Когда красноармейские части подошли вплотную к Варшаве, то в войсках началась настоящая эйфория. Сжигаемые революционным нетерпением, солдаты уже задавали вопросы отцам-командирам: «Когда же мы объединимся с немецким пролетариатом и начнем наконец мировую революцию?»

Такие мечты навевало то, что Красная армия уже подошла к берегу Вислы. Но дальше случилось то, чего никто не ожидал. Между прочим, многие эксперты до сих пытаются объяснить, что произошло и почему поляки смогли сделать невозможное – нанести такой ответный удар с фланга, что наступающие были вынуждены обратиться в бегство. Долгое время исследователи выдвигали версию о том, что полякам помогли военные специалисты Запада, подозревали, например, французов. Не подтвердилось. Искали иных авторов «чуда над Вислой». Не нашли.

Но при этом тогда, когда это случилось, никто не рискнул предположить, что это сделали сами поляки, в руководстве которых было несколько умных и решительных военных офицеров. И конечно, большая заслуга в этой победе принадлежала Владиславу Сикорскому, который позже стал первым премьером польского правительства в изгнании.

А главное, сработали чувство патриотизма, высокая самоорганизация польских воинов. Красная армия в то время тоже была не слабой. Поэтому, когда она откатилась, командование стало готовиться к реваншу. Но нашелся человек, который сказал, что война должна быть немедленно прекращена.

Это был Ленин. Великий, на мой взгляд, реалист. Думаю, книги Чаянова о кооперации лежали у него не просто так. И еще одно обстоятельство нужно отметить: он не побоялся признать свою ошибку. Поверьте, это такому человеку дорого стоило.

– Признавать ошибки – это, конечно, не самое любимое наше занятие. А уж современная политика таких признаний, мне кажется, и вовсе не знает...

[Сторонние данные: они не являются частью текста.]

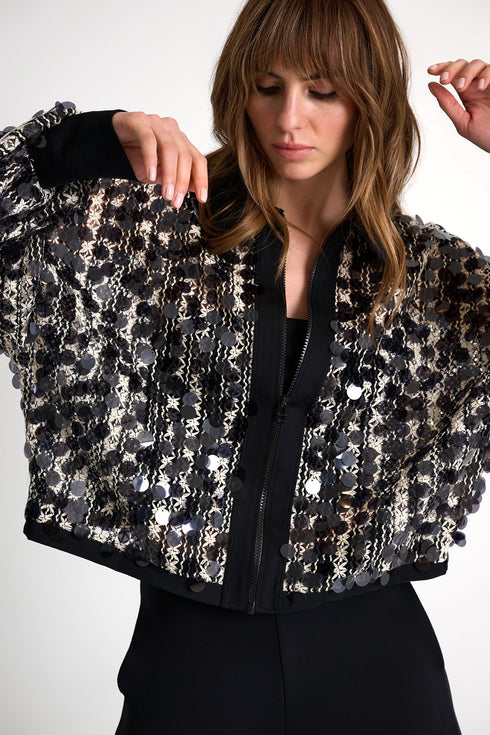 Embroidered Sequin Bomber Jacket - 52645-79-802 02 / 802 Black/Beige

– Вы знаете, я читал курс социологии знания в Англии и России. При этом сразу говорил, что название дисциплины не отражает того, чем мы будем заниматься. В центре нашей работы с вами будет стоять социология незнания. Или социология ошибки. Потому что социология знания или познания – это известная наука, которая наверняка учит многому. Но ее направленность ограничена, потому что за пределами этих границ лежит наука о незнании, которую надо постигать.

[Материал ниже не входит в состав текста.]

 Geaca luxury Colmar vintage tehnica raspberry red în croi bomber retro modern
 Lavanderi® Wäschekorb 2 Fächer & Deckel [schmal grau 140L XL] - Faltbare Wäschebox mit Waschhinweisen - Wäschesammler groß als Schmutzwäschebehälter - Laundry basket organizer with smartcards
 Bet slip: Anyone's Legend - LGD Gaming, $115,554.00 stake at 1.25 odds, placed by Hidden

– Если говорить с позиций вашего опыта об ошибках, можете ли вы назвать, скажем, несколько правил, соблюдая которые человек будет меньше ошибаться?

– Чего не надо делать, я не знаю. Потому что нигде не написано, что не надо делать ошибок. Есть ошибки, которые нужны. Причем по разным причинам. Стабильность общества часто опирается на ошибочное или частично ошибочное мышление. Поэтому призыв «Не ошибайся» как будто звучит красиво. А если посмотреть на действительность социальных отношений, то увидим – ошибки иногда имеют позитивную ценность. Они могут расшатать общество или, наоборот – укрепить стабильность.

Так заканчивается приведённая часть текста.